A \cdot v = \lambda \cdot v

This equation shows that when matrix $A$ operates on vector $v$ , the result is a scalar multiple of the same vector.

By definition, eigenvalues can equal 0, but eigenvectors are always non-zero.

Basic Properties of Eigenvectors

Eigenvectors have fundamental properties that are very useful in various mathematical applications.

Scalar Multiplication: Let $A \in \mathbb{K}^{n \times n}$ and $v \in \mathbb{K}^n$ with $v \neq 0$ be an eigenvector of $A$ for eigenvalue $\lambda \in \mathbb{K}$ . Then all multiples $t \cdot v$ with $t \neq 0$ are also eigenvectors of $A$ for the same eigenvalue $\lambda$ .

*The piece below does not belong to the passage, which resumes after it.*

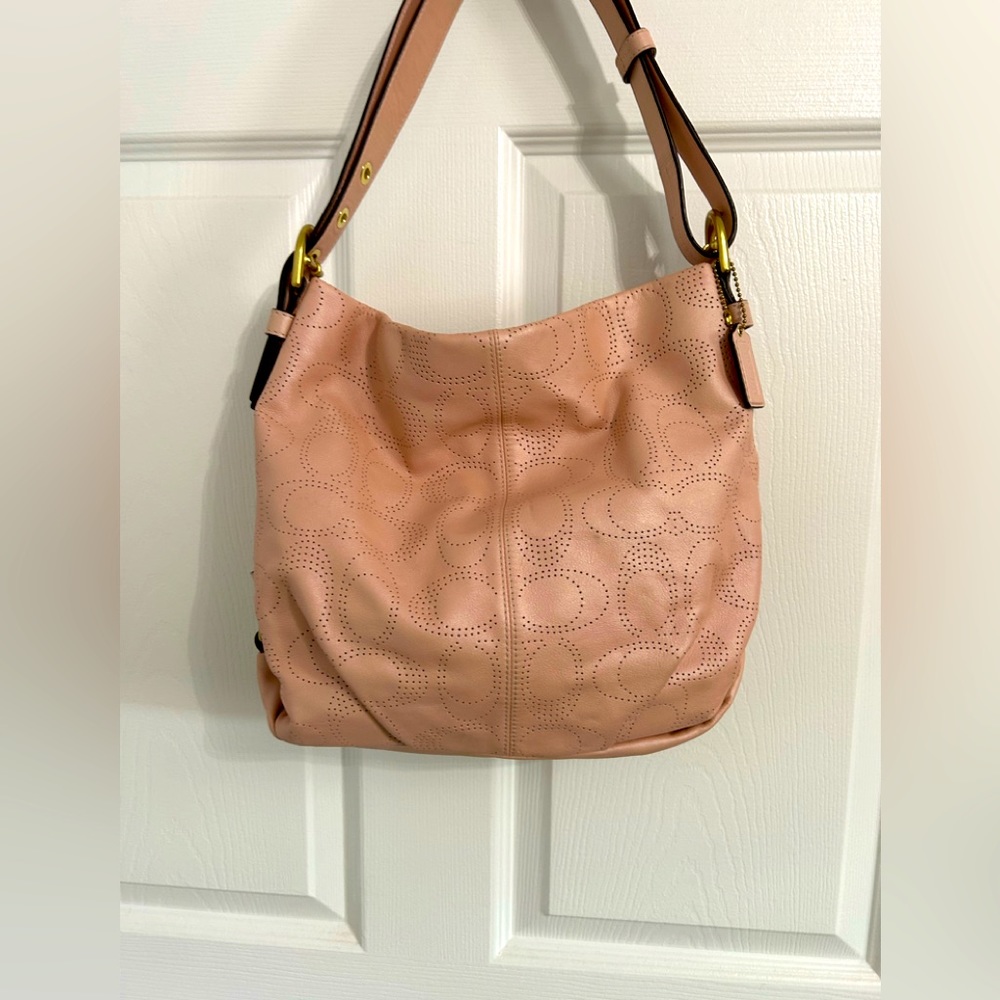👛Coach👛Light Pink Perforated Bag👛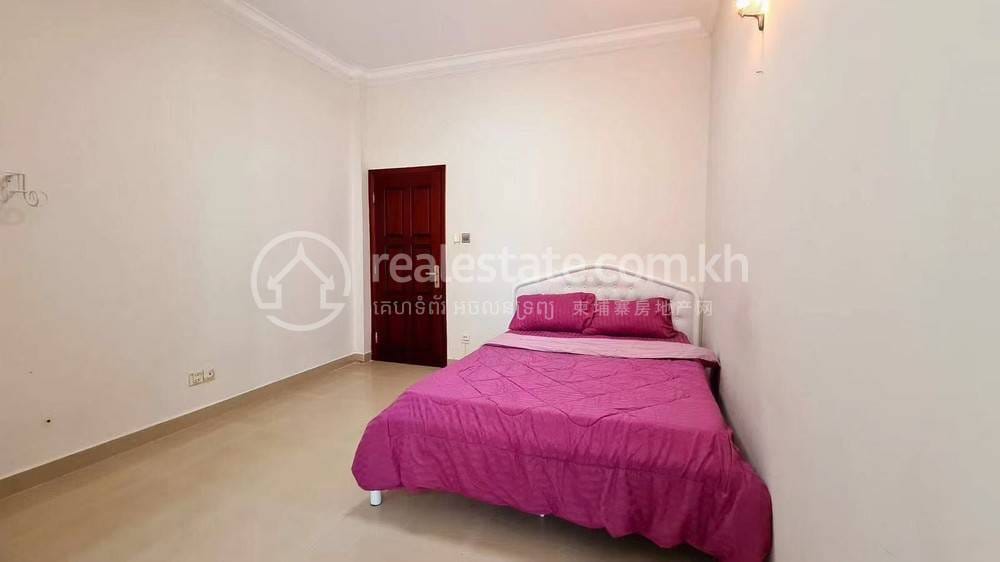 Condo Na wynajem z 3 sypialniami za $2,200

Why is this true? $A \cdot (t \cdot v) = t \cdot (A \cdot v) = t \cdot (\lambda \cdot v) = \lambda \cdot (t \cdot v)$

This property shows that if we find one eigenvector, then all its non-zero multiples are also eigenvectors for the same eigenvalue.

Examples of Eigenvector Calculations

Let's look at some concrete examples to better understand this concept:

Diagonal Matrix

For matrix $A = \begin{pmatrix} 1 & 0 \\ 0 & 2 \end{pmatrix}$ :

$v_1 = \begin{pmatrix} 1 \\ 0 \end{pmatrix}$ is an eigenvector for eigenvalue $\lambda_1 = 1$ , because $A \cdot v_1 = \begin{pmatrix} 1 \\ 0 \end{pmatrix} = 1 \cdot v_1$

$v_2 = \begin{pmatrix} 0 \\ 1 \end{pmatrix}$ is an eigenvector for eigenvalue $\lambda_2 = 2$ , because $A \cdot v_2 = \begin{pmatrix} 0 \\ 2 \end{pmatrix} = 2 \cdot v_2$

Symmetric Matrix

For matrix $A = \begin{pmatrix} 3 & 1 \\ 1 & 3 \end{pmatrix}$ :

$v_1 = \begin{pmatrix} -1 \\ 1 \end{pmatrix}$ is an eigenvector for eigenvalue $\lambda_1 = 2$ , because $A \cdot v_1 = \begin{pmatrix} -2 \\ 2 \end{pmatrix} = 2 \cdot v_1$

$v_2 = \begin{pmatrix} 1 \\ 1 \end{pmatrix}$ is an eigenvector for eigenvalue $\lambda_2 = 4$ , because $A \cdot v_2 = \begin{pmatrix} 4 \\ 4 \end{pmatrix} = 4 \cdot v_2$

Linear Independence of Eigenvectors

One important result in eigenvector theory is that eigenvectors corresponding to different eigenvalues are always linearly independent.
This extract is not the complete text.